Let’s revisit the “nice” criteria for a moment. You are picking a mentor who will function as a coach. You want someone who invests in you, speaks truth, motivates, sees your weaknesses, and pushes you harder than you think you can be pushed. Training is precisely that. Training. If you were in boot camp you don’t want a cheerleader, you want an experienced instructor. If you hope to be an world class athlete you don’t want someone who hands out water breaks and foot rubs. You want to be made excellent. In the boxing ring or the octagon you don’t want a yes man (or woman) but someone ruthlessly pushing you to become better. Now nice people are important as well.
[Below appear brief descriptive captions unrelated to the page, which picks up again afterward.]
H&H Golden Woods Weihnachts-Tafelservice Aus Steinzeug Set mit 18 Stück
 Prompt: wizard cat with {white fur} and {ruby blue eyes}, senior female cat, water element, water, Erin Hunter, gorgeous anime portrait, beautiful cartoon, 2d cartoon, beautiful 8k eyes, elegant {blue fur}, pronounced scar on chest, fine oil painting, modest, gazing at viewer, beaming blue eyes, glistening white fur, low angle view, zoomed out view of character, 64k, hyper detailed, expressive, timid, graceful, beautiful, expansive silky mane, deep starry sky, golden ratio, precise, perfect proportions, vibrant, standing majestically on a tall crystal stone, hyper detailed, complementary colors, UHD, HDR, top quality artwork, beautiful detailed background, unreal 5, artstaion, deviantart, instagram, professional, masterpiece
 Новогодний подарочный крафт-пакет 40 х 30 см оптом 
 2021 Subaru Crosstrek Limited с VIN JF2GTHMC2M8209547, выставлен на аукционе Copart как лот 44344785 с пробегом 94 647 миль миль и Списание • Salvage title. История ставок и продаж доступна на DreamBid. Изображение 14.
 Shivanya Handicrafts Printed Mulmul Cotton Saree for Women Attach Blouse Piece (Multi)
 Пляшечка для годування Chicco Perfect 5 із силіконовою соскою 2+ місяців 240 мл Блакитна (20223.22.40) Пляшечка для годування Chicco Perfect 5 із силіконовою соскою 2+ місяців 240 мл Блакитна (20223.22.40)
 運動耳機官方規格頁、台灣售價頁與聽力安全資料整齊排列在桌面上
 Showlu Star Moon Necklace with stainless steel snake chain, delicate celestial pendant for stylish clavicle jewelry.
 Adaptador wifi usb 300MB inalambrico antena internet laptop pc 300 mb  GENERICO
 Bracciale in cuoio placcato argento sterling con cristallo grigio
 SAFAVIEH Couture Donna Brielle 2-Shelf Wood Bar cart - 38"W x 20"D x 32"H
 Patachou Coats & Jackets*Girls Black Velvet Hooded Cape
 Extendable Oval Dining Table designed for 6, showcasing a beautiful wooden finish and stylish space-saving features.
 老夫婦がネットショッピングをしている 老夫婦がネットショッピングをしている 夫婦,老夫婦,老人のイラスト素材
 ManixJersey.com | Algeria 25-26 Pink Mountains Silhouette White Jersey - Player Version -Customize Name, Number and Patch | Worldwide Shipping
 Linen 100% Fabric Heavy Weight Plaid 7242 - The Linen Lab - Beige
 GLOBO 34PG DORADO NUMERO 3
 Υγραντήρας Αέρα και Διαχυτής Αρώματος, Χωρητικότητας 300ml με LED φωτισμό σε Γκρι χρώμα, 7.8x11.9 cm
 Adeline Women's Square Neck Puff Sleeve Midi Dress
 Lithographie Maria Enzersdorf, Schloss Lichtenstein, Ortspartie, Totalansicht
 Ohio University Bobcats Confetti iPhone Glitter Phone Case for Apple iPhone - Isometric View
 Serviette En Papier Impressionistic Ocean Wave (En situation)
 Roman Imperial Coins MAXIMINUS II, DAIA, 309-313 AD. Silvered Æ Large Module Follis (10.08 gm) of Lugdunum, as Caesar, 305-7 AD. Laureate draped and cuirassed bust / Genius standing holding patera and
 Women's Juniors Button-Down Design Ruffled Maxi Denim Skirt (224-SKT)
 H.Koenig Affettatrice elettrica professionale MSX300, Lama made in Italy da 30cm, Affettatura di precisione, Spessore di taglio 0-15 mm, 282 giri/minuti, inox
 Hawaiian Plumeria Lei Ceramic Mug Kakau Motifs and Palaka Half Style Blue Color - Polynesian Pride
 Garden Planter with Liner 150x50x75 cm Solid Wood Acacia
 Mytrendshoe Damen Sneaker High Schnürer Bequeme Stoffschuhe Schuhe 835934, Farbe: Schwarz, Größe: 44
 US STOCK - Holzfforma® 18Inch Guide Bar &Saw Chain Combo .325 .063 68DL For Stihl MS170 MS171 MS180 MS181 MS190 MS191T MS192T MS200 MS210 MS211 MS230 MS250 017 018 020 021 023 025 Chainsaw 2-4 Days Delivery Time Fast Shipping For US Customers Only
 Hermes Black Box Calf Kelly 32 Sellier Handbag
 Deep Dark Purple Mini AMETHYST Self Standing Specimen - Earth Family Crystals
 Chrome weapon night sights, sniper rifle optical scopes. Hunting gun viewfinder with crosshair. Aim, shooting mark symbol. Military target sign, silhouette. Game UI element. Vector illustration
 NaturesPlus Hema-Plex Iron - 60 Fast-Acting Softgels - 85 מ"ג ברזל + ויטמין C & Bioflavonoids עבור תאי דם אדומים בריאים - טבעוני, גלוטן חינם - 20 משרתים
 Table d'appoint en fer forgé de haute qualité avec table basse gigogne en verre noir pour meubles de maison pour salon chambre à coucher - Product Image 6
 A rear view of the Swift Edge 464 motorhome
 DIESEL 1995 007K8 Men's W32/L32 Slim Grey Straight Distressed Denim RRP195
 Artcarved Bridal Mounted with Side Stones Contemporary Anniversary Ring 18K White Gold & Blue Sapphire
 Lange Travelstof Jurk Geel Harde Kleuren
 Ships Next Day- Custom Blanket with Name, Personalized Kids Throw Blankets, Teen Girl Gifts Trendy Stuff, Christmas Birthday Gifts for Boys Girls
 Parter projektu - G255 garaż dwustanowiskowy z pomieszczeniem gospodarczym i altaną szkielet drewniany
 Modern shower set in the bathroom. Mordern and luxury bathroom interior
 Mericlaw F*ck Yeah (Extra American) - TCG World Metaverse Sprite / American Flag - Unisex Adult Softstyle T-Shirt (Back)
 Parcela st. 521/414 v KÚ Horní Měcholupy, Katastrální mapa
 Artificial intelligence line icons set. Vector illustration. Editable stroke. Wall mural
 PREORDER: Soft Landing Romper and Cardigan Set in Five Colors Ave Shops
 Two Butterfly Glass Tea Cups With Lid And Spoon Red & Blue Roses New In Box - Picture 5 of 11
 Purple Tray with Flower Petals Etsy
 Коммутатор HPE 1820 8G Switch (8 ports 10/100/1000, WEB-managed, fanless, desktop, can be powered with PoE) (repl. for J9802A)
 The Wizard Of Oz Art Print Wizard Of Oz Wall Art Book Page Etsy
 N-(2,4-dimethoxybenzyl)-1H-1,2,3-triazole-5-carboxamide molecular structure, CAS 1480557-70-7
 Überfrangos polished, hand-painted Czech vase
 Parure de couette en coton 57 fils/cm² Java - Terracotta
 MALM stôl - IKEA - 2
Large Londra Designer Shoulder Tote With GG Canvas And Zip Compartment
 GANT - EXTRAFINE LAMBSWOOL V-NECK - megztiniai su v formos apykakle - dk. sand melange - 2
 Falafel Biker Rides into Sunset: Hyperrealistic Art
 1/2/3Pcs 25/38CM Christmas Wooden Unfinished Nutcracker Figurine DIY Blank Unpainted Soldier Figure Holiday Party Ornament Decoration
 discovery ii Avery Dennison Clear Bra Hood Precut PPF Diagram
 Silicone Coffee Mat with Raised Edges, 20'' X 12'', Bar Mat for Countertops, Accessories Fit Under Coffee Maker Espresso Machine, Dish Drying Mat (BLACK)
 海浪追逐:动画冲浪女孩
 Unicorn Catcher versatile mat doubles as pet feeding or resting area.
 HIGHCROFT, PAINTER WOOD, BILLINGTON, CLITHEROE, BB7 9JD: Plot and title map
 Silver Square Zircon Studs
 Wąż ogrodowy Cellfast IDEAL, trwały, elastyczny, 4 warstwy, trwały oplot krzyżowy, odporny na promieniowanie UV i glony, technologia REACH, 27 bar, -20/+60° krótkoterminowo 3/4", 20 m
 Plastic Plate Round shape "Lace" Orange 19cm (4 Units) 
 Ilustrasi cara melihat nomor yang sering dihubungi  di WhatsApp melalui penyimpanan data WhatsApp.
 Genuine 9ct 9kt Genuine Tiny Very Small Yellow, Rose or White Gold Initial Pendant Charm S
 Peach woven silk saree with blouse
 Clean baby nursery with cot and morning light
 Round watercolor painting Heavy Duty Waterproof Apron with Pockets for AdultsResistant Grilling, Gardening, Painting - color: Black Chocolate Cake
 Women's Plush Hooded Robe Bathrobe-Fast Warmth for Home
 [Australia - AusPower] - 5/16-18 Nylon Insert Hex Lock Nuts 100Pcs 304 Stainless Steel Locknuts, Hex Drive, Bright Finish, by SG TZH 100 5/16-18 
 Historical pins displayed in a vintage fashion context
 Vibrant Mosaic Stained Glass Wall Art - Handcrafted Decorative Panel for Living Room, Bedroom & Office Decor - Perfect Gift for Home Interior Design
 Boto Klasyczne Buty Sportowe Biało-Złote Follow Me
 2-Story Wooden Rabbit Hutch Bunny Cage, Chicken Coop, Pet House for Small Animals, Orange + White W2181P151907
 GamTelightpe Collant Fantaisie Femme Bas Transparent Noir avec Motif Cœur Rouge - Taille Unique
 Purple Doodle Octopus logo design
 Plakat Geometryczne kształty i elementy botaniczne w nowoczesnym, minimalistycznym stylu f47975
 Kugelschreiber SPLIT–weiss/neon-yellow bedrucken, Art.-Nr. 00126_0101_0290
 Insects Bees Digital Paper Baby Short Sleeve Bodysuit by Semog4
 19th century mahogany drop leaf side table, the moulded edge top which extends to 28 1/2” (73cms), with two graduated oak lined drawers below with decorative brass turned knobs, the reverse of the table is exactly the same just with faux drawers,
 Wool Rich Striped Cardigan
Find faculty to meet with occasionally who are nice and who don’t always push you. Find fellow trainees who are your friends regardless of how you are performing. These are the people in the stands, those rooting you on. They are nice! Always encouraging even when you are playing the game poorly or losing. But down on the field, pick a coach who knows the stakes and makes you perform at your best. One final note, sometimes “nice” is simply a mask for indifference. If you make it through training without frustrating your mentor and without your mentor frustrating you, this is less than ideal although it may feel better. My PhD mentor and I ruined each other’s weekend or evening every few months which is part of the cost of working hard together on something you both care about. If your mentor is “nice” when you are inefficient and ineffectual and is complacent about you working towards something great, this is indifference and is one of the most toxic things in a mentor-mentee relationship.

When picking a mentor, pick one who has a proven record as an invested coach and effective instructor.